How about the weight of the laptop? Let's say, we allow it to be specified in either kilograms or pounds. In order to do that, we can use a new keyword: oneof. In this block, we define 2 fields, one for kilograms and the other for pounds. Remember that when you use oneof fields group, only the field that get assigned last will keep its value.

Well-known types

OK, now let's add 2 more fields: the price in USD and the release year of the laptop. And finally, we need a timestamp to store the last update time of the record in our system. Timestamp is one of the well-known types that have already been defined by Google. So we just need to import the package and use it. There are may other well-known types. Please check out the link in the description to learn more about them. Now, let's run make gen to make sure that everything is working properly. Yes!
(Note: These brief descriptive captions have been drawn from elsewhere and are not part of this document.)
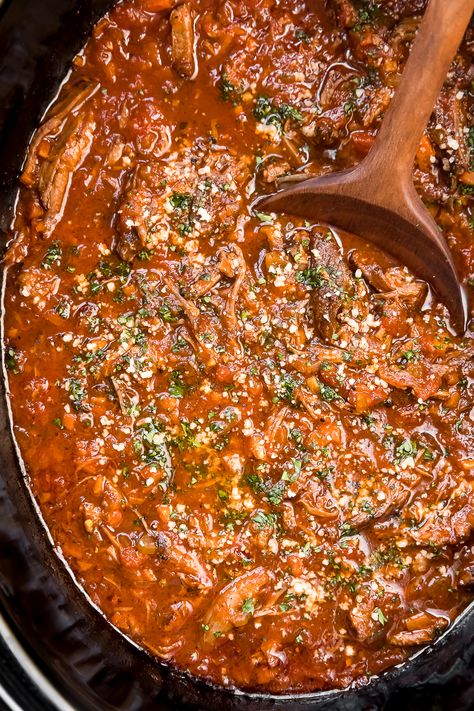 Short Rib Bolognese, Beef Bolognese Recipe, Hotpot Recipe, Beef Hotpot, Beef Ragu Recipe, Short Rib Ragu, Slow Cooker Bolognese Sauce, Ribs Easy, Cooking Short Ribs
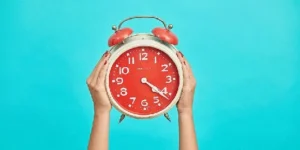 Mastering the Circadian Rhythm: A Comprehensive Guide to Sleep Stabilization in Bipolar Disorder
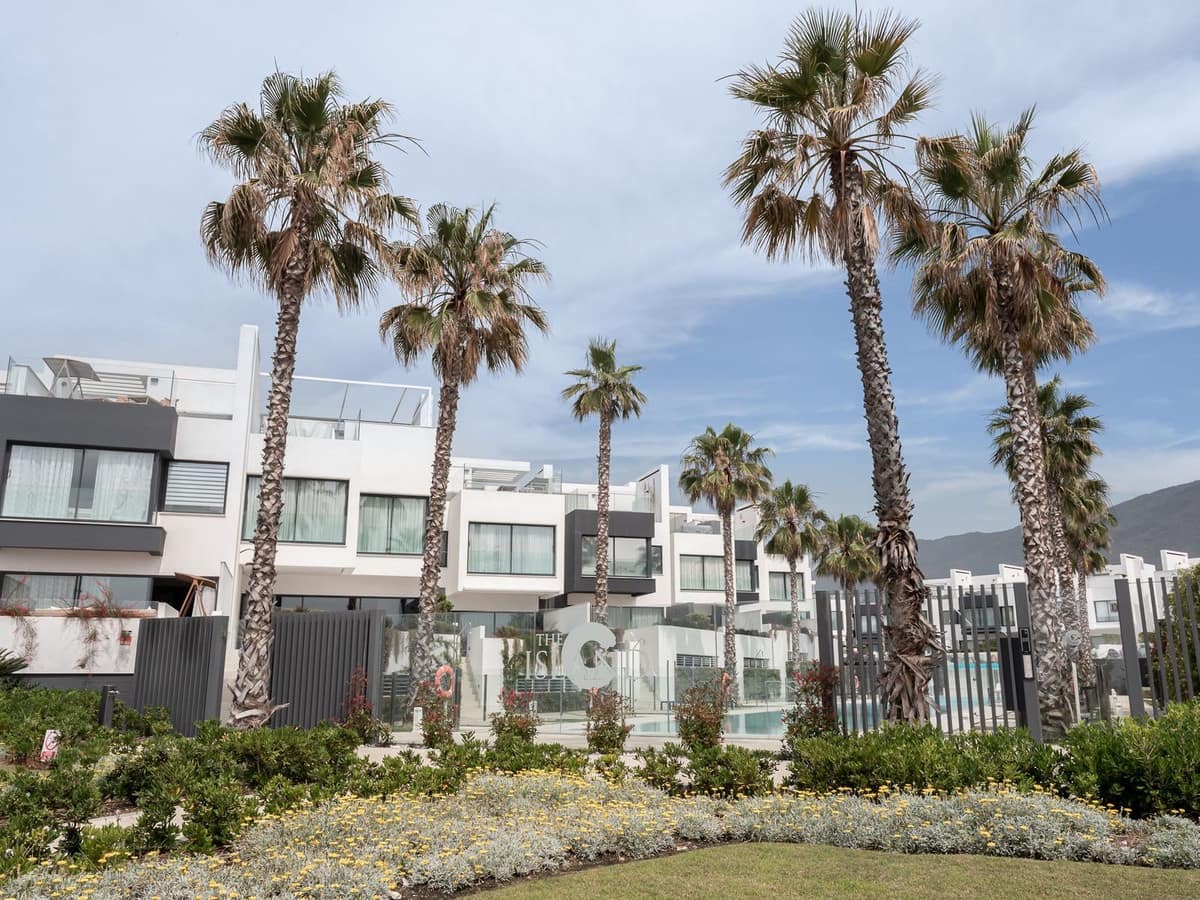 3 soveværelse Byhus til salg i Estepona med swimmingpool - € 2.450.000 (Ref: 6942161)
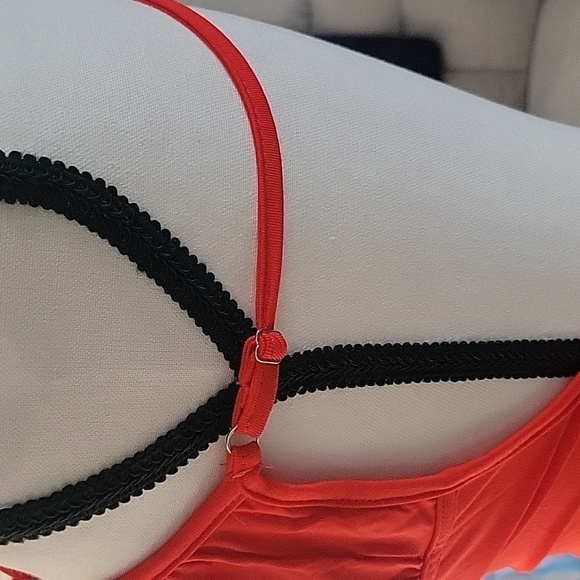 Elegant Red Evening Dress - Picture 4 of 4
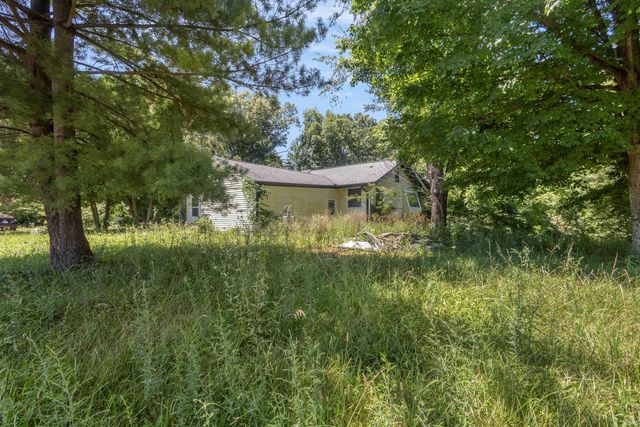 6269 E State Road 54, Bloomfield, IN 47424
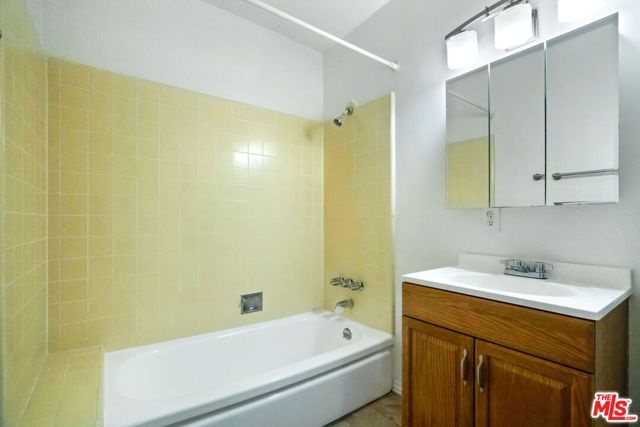 941 N San Vicente Boulevard 5, West Hollywood, CA 90069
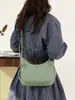 Mochila de Axila Feminina, Bolsa Casual Versátil para Viagem Feminina, Nova Bolsa de Ombro Portátil de Tecido de Nylon 2026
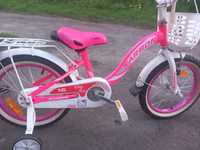 Śliczny rower dla dziewczynki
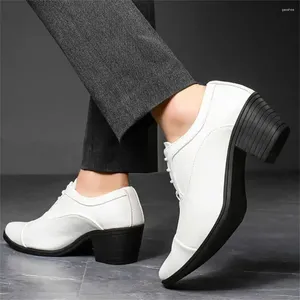 Chaussures habillées Italie Sharp Nose Run pour hommes Talons Noir Mariage Baskets Mariée Sport Sneakers Sapato Sneekers Idée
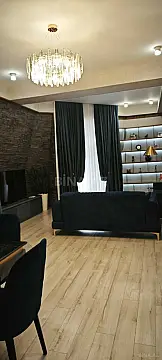 Kirayə verilir 2 otaqlı mənzil 110 m²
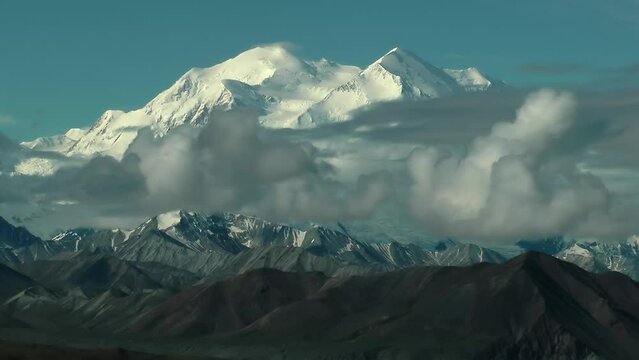 Mount Denali with clouds, Timelapse mode
Denali (also known as Mount McKinley, its former official name) is the highest mountain in North America
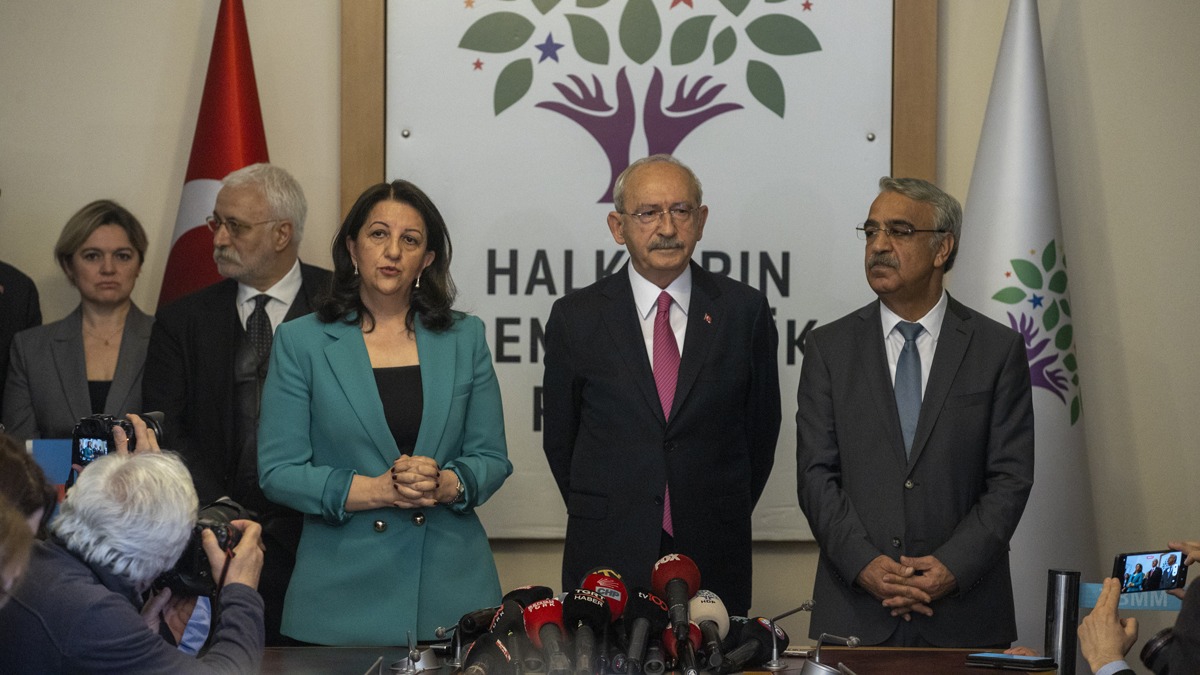 HDP'nin Cumhurbakan aday karmamasyla ilgili Cumhur ttifak'ndan ilk yorum: Gizli kaplar ardnda calan'a zgrlk pazarlklar yaplm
All files are generated perfectly.

laptop_message.proto

syntax = "proto3";

package techschool_pcbook;

option go_package = ".;pb";

import "processor_message.proto";
import "memory_message.proto";
import "storage_message.proto";
import "screen_message.proto";
import "keyboard_message.proto";
import "google/protobuf/timestamp.proto";

message Laptop {
  string id = 1;
  string brand = 2;
  string name = 3;
  CPU cpu = 4;
  Memory ram = 5;
  repeated GPU gpus = 6;
  repeated Storage storages = 7;
  Screen screen = 8;
  Keyboard keyboard = 9;
  oneof weight {
    double weight_kg = 10;
    double weight_lb = 11;
  }
  double price_usd = 12;
  uint32 release_year = 13;
  google.protobuf.Timestamp updated_at = 14;
}

Hooray! We've learned a lot about protocol buffer and how to generate Golang codes from it. In the next hans-on lecture, we will switch to Java. I will show you how to setup a Gradle project to automatically generate Java codes from out proto files. Thanks a lot for reading, and see you later!